**Task statement**: Would you set down the data that follows, word for word, without any pictures?

**Supplied data**:
= Beginning of Section =

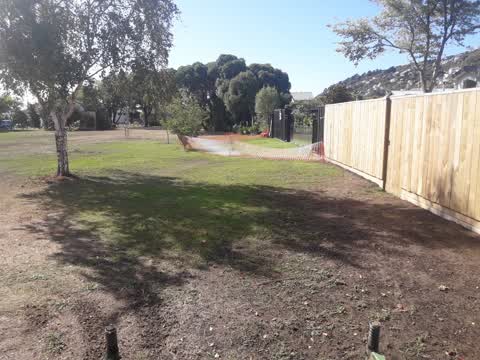 Parks, a report photo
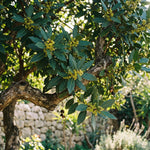 Bay Leaf Tree Live 4-7 Inches Tall, Laurus Nobilis, Fragrant Herb Plant for Garden, Patio Containers and Indoor Decor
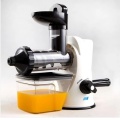 Fruit vegetable citrus low speed juice extractor slow juicer machine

= End of Section =

**Exercise solution**:
 Parks, a report photo
 Bay Leaf Tree Live 4-7 Inches Tall, Laurus Nobilis, Fragrant Herb Plant for Garden, Patio Containers and Indoor Decor
 Fruit vegetable citrus low speed juice extractor slow juicer machine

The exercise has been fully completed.